In 2002, Plaintiffs filed their Second Amended Complaint 2 in federal district court alleging that the conditions of their confinement violate their constitutional rights under 42 U.S.C. § 1983. The Second Amended Complaint, in addition to requesting declaratory and injunctive relief, also sought money damages against the Defendants in their individual capacities. Before the district court, Defendants, claiming qualified immunity, moved to dismiss Plaintiffs’ claims for money damages. The district court denied that motion. Defendants then brought an interlocutory appeal under the collateral order doctrine, see Morley v. Walker, 175 F.3d 756, 759 (9th Cir.1999), challenging the district court’s order denying qualified immunity.

In 2007, we issued an opinion affirming in part and reversing in part the district court’s order denying the Defendants qualified immunity. Hydrick v. Hunter, 500 F.3d 978, 983 (9th Cir.2007). Specifically, we held that the Defendants were entitled to qualified immunity on Plaintiffs’ Ex Post Facto, Double Jeopardy, Procedural Due Process, and Eighth Amendment claims, as well as Plaintiffs’ First Amendment “refusal of treatment” claim. Id. at 992, 1000. But we also held that the Defendants were not entitled to qualified immunity on the remainder of Plaintiffs’ claims. Id. at 1000. Like the district court, our opinion did not rule on the merits of Plaintiffs’ claims or on Plaintiffs’ claims for injunctive and declaratory relief.

The Defendants then petitioned for certiorari. The Supreme Court granted the writ, vacated our judgment, and remanded for reconsideration in light of Ashcroft v. Iqbal, 556 U.S. 662, 129 S.Ct. 1937, 173 L.Ed.2d 868 (2009). Hunter v. Hydrick, -U.S. -, 129 S.Ct. 2431, 174 L.Ed.2d 226 (2009). On remand, we ordered supplemental briefing by the parties on the impact of Iqbal. After receiving several extensions, the parties completed supplemental briefing on January 31, 2011.

As discussed in more detail below, after reviewing the Supreme Court’s decision in Iqbal, the parties’ supplemental briefs, and our court’s recent decision in Starr v. Baca, 652 F.3d 1202 (9th Cir.2011), we now hold that Defendants are entitled to qualified immunity on Plaintiffs’ claims for money damages. The conclusory allegations in Plaintiffs’ Second Amended Complaint are insufficient to establish Defendants’ individual liability for money damages.
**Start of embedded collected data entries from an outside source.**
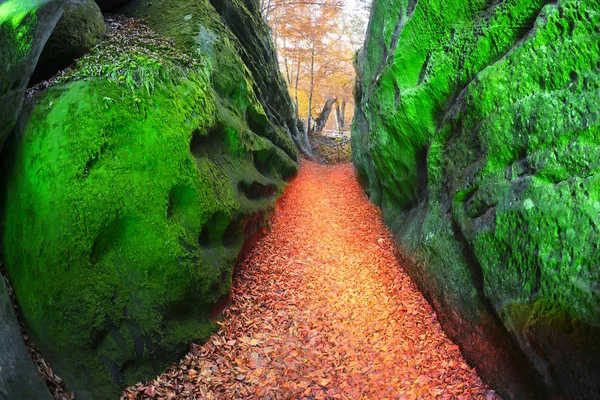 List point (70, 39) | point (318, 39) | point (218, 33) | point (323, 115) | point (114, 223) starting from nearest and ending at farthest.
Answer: point (114, 223)
point (70, 39)
point (218, 33)
point (318, 39)
point (323, 115)

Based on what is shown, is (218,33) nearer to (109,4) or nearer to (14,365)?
(109,4)

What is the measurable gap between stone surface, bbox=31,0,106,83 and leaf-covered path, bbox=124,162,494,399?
16.1 feet

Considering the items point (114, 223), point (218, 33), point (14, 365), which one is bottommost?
point (14, 365)

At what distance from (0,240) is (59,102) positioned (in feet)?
6.81

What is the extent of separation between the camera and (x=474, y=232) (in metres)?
4.25

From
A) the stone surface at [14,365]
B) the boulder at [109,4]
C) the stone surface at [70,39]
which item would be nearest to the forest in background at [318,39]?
the boulder at [109,4]

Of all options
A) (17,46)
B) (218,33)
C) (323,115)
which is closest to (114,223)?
(17,46)

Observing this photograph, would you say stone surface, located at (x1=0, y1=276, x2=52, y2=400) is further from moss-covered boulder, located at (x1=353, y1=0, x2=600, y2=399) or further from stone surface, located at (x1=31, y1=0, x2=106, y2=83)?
moss-covered boulder, located at (x1=353, y1=0, x2=600, y2=399)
Our holding, however, is limited. Qualified immunity is only an immunity *940 from a suit for money damages, and does not provide immunity from a suit seeking declaratory or injunctive relief. See Center for Bio-Ethical Reform, Inc. v. Los Angeles County Sheriff Dept., 533 F.3d 780, 794-95 (9th Cir.2008); Los Angeles Police Protective League v. Gates, 995 F.2d 1469, 1472 (9th Cir.1993). Accordingly, on remand, the Plaintiffs may proceed with their claims for declaratory and injunctive relief.

DISCUSSION

The Supreme Court remanded this case to us for reconsideration in light of Ashcroft v. Iqbal, 556 U.S. 662, 129 S.Ct. 1937, 173 L.Ed.2d 868 (2009). Hunter, 129 S.Ct. at 2431. After we deal with Iqbal, we will consider our court’s recent decision in Starr v. Baca, 652 F.3d 1202 (9th Cir.2011), which interpreted Iqbal. Both cases involve supervisor liability and qualified immunity under 42 U.S.C. § 1983.

In Iqbal, the plaintiff was a citizen of Pakistan and a Muslim who was “arrested on criminal charges and detained by federal officials” in the wake of the September 11, 2001 attacks. 129 S.Ct. at 1942. The plaintiff filed suit in federal district court, alleging that “he was deprived of various constitutional protections while in federal custody.” Id. Included in his complaint were claims against former Attorney General John Ashcroft (“Ashcroft”) and the Director of the F.B.I., Robert Mueller (“Mueller”). Id. Specifically, the plaintiff alleged that Ashcroft and Mueller discriminated against him in violation of the First and Fifth Amendments because they adopted a policy that subjected the plaintiff “to harsh conditions of confinement on account of his race, religion, or national origin.” Id. On appeal, the Second Circuit held that Ashcroft and Mueller were not entitled to qualified immunity. Id.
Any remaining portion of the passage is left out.